## Task directions
Return every record below exactly as given, images excluded.

[Records contained in a dataset]
========================================================================
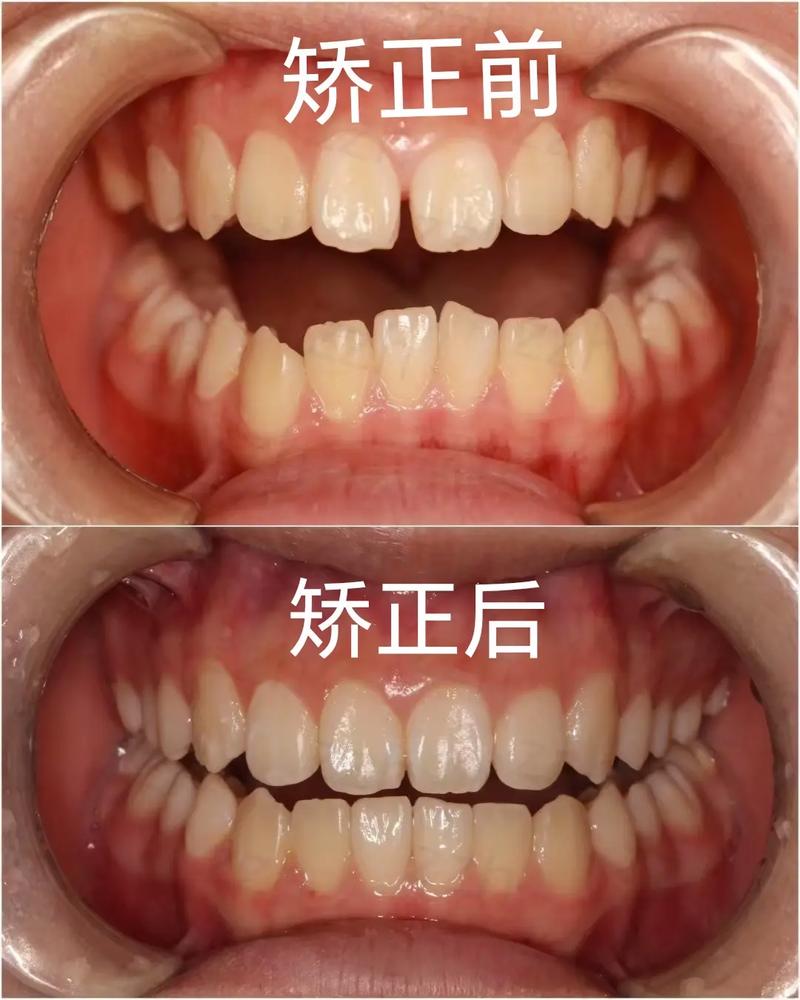 先颏成型后正畸-图2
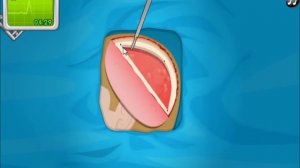 Challenging Journey to a Successful Epilepsy Surgery in Operate Now | Gameplay Recording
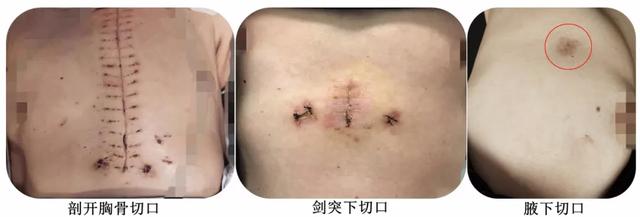 硕士生导师,总院长叶惠龙的带领下,成功开展大量胸部疾病微创手术,如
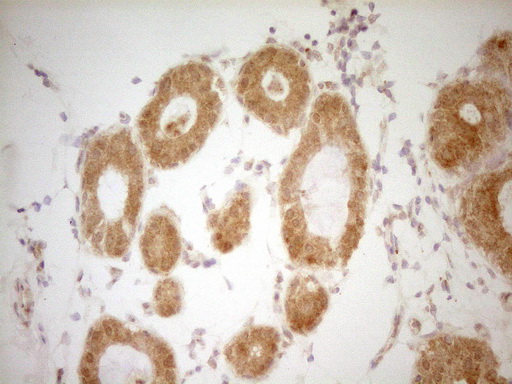 m01775 anti thyroid hormone receptor alpha thra mouse monoclonal antibody clone id oti2a2 ihc testing 4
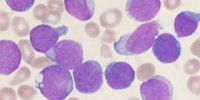 image: Thwarting leukemia drug resistance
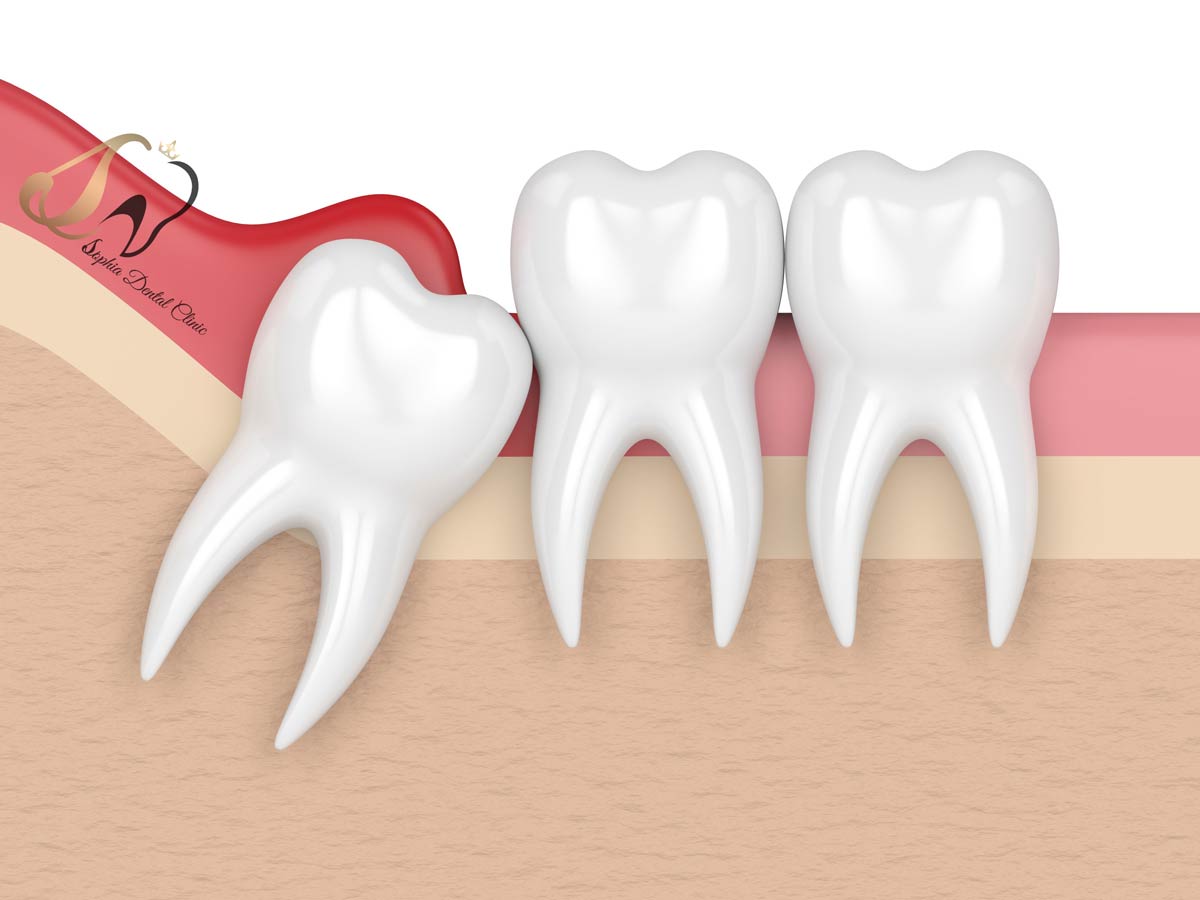 جراحی دندان عقل در یافت آباد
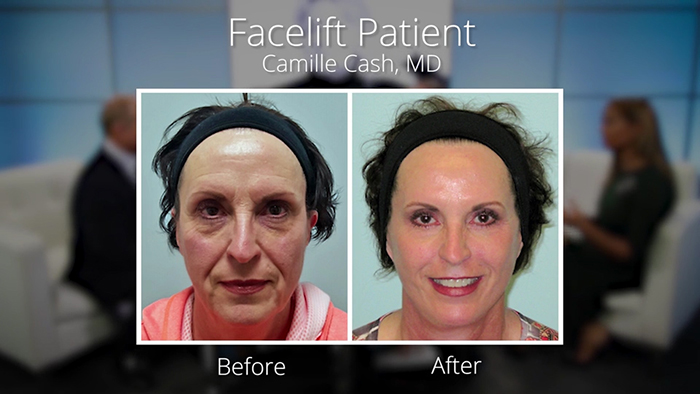 Facelift before and after Dr. Cash.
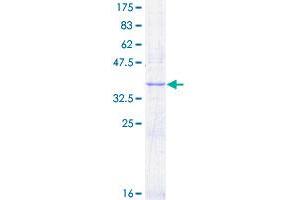 Image no. 1 for Fms-Related tyrosine Kinase 1 (VEGFR1) (FLT1) (AA 581-687) protein (GST tag) (ABIN1354218)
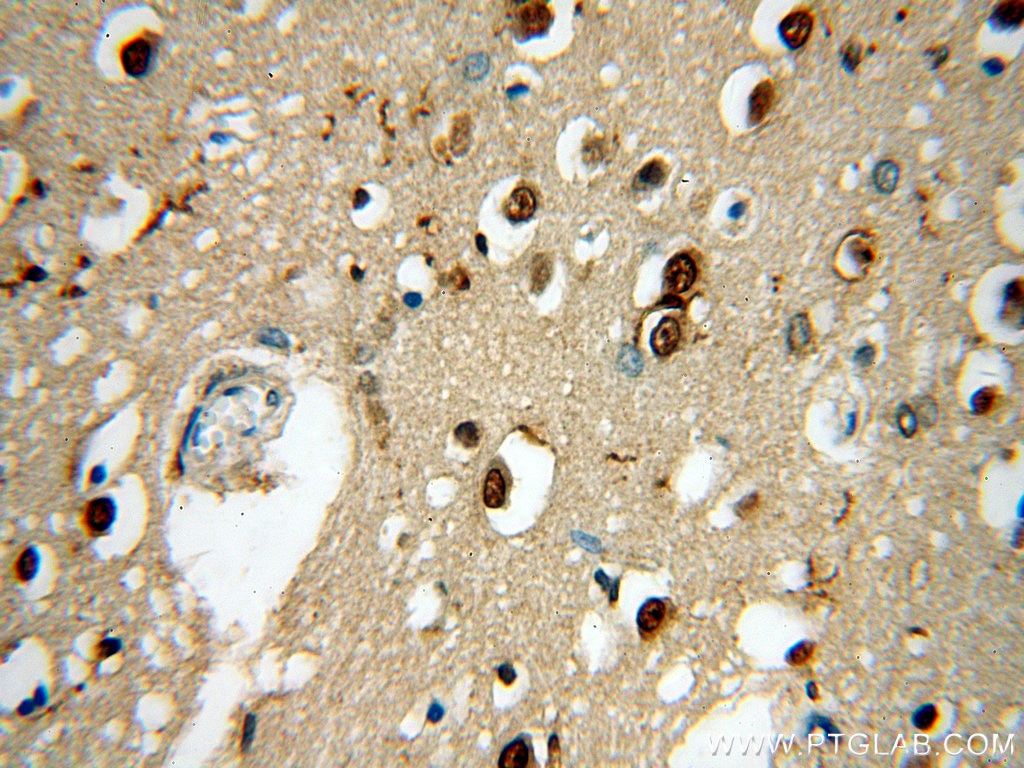 Immunohistochemistry (IHC) staining of human brain tissue using TNFAIP1 Polyclonal antibody (15320-1-AP)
========================================================================
## Reply to the task
 先颏成型后正畸-图2
 Challenging Journey to a Successful Epilepsy Surgery in Operate Now | Gameplay Recording
 硕士生导师,总院长叶惠龙的带领下,成功开展大量胸部疾病微创手术,如
 m01775 anti thyroid hormone receptor alpha thra mouse monoclonal antibody clone id oti2a2 ihc testing 4
 image: Thwarting leukemia drug resistance
 جراحی دندان عقل در یافت آباد
 Facelift before and after Dr. Cash.
 Image no. 1 for Fms-Related tyrosine Kinase 1 (VEGFR1) (FLT1) (AA 581-687) protein (GST tag) (ABIN1354218)
 Immunohistochemistry (IHC) staining of human brain tissue using TNFAIP1 Polyclonal antibody (15320-1-AP)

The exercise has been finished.